= WHAT IS BEING ASKED =
Each line of the material must be repeated precisely, with the pictures left out.

= DATA EXCERPT =
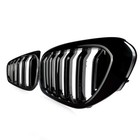 Gloss Black Fit Bmw 5 Series G30 G31 530i 540i 2017-2020 Front Kidney Grille
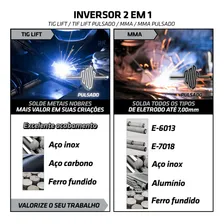 Maquina Solda Inversora Touch 315 Tig Mma Pulse Vrd 300a 2 Em 1 Super Tork 220v Foto mini  3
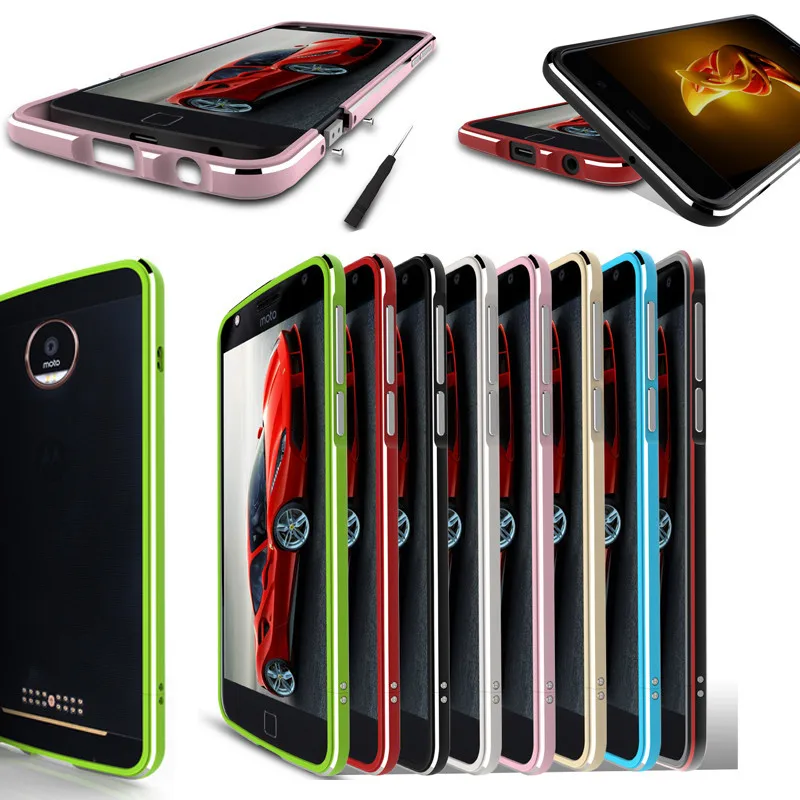 Бампер для Moto Z2 Play Z2Play XT1710 роскошный высоколегкий металлический бампер с рамкой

= REPLY =
 Gloss Black Fit Bmw 5 Series G30 G31 530i 540i 2017-2020 Front Kidney Grille
 Maquina Solda Inversora Touch 315 Tig Mma Pulse Vrd 300a 2 Em 1 Super Tork 220v Foto mini  3
 Бампер для Moto Z2 Play Z2Play XT1710 роскошный высоколегкий металлический бампер с рамкой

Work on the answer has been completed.